In November last year, West Midlands Police recommended that Maccabi Tel Aviv football fans should be banned from attending a Europa League match against Aston Villa in Birmingham on public order and security grounds.

West Midlands Police said it had classified the match as high risk based on “current intelligence and previous incidents, including violent clashes and hate crime offences that occurred during the 2024 UEFA Europa League match between Ajax and Maccabi Tel Aviv in Amsterdam”.

“Based on our professional judgement, we believe this measure will help mitigate risks to public safety,” the police force said at the time.

The decision was ultimately approved by Birmingham City Council’s Safety Advisory Group (SAG), a multi-agency body that brings together police, local authorities and emergency services to assess safety risks at major events.

There was a public outcry, and numerous media opinion pieces called the ban “anti-Semitic”.

That pressure has since intensified. Last week, UK Home Secretary Shabana Mahmood publicly stated that she had lost confidence in Guildford following criticism by a police watchdog of how the ban was handled. Guildford resigned on Friday.

But observers say Guildford’s departure is a sign that policing decisions which intersect with the issue of Israel and Palestine are no longer insulated from political consequences.

The reason for this, said Chris Nineham, vice-chair of the British group Stop the War Coalition, is that “most politicians are too scared to challenge the pro-Israel mainstream consensus”.

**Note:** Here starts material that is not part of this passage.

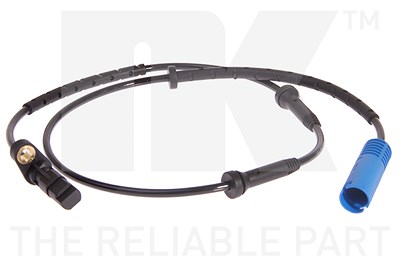 Nk ABS Sensor Hinterachse [Hersteller-Nr. 291508] für BMW von NK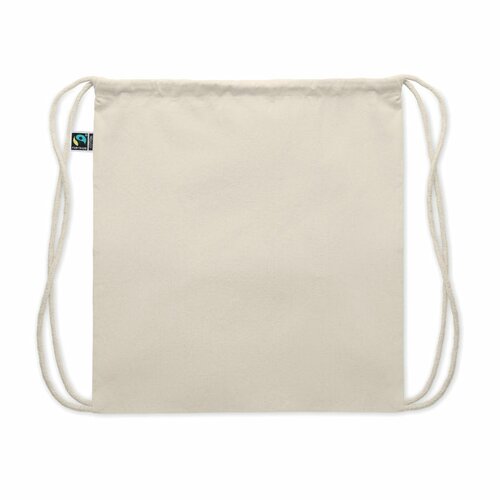 OSOLE DRAW Beutel mit Kordelzug Fairtrade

He believes the fallout from the ban will have lasting consequences for future policing decisions. “I think it will reinforce the tendency for police forces to go along with the establishment bias against Palestine supporters, which is a product of the British ruling class’s support for Israel and is reinforced by Israel’s impressive lobbying operation,” Nineham told Al Jazeera.

‘A very dangerous precedent’

Frances Webber, a retired barrister who writes on politics, human rights and the rule of law, said the significance of Guildford’s resignation extends far beyond football or crowd control.

In the UK, “police forces are operationally independent of government, and any case against Guildford should have been pursued judicially, not politically”, she explained.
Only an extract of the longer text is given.